Beginner's Guide to Investment Asset Classes

What image comes to mind when you think of an "investor"? Chances are, it'd be a well-heeled person in a crisp three-piece suit, clutching the newspaper and ready to talk "finance".

The reality of it is quite different! Before the blog dives more into financial topics, I thought it best to build a solid foundation of the key financial terminology you might come across later. This article isn't going to turn you into the Wolf of Wall Street, but will give you a better understanding of the basic financial concepts in a way that is easy to digest.

So, let's talk "finance"!

What is an Asset Class?

An asset class is a grouping of financial assets that exhibit similar characteristics and are subject to the same laws and regulations.
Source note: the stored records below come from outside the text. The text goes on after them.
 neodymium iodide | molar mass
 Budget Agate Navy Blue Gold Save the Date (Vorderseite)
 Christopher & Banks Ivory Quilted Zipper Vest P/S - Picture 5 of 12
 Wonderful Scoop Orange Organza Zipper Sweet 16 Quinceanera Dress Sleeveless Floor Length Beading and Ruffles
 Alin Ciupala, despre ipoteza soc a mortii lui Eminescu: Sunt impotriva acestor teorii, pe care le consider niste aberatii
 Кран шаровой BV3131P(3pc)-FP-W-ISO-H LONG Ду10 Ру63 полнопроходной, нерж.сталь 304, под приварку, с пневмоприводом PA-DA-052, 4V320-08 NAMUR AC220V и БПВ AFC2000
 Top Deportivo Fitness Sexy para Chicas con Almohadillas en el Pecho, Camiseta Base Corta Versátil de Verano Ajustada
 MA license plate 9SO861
Thus, asset classes are made up of instruments that often behave similarly to one another in the financial marketplace.

There are four main asset class categories:

  1. Equity

  2. Fixed Interest

  3. Cash

  4. Property

So, let's get to know them a bit better.

1) Equities

Equities (also known as 'ordinary share' or 'shares') represent a share in the ownership of a publicly-owned business. Their value fluctuates with investors' perceptions of the company's performance.

They have the potential to make you money in two ways:

  • You can receive capital growth through increases in the share price

  • You can receive income in the form of dividends, which is a share of the company's profit relative to the shares you own.

Unfortunately, neither is guaranteed and there is a risk that the share price will fall below the level at which you invested.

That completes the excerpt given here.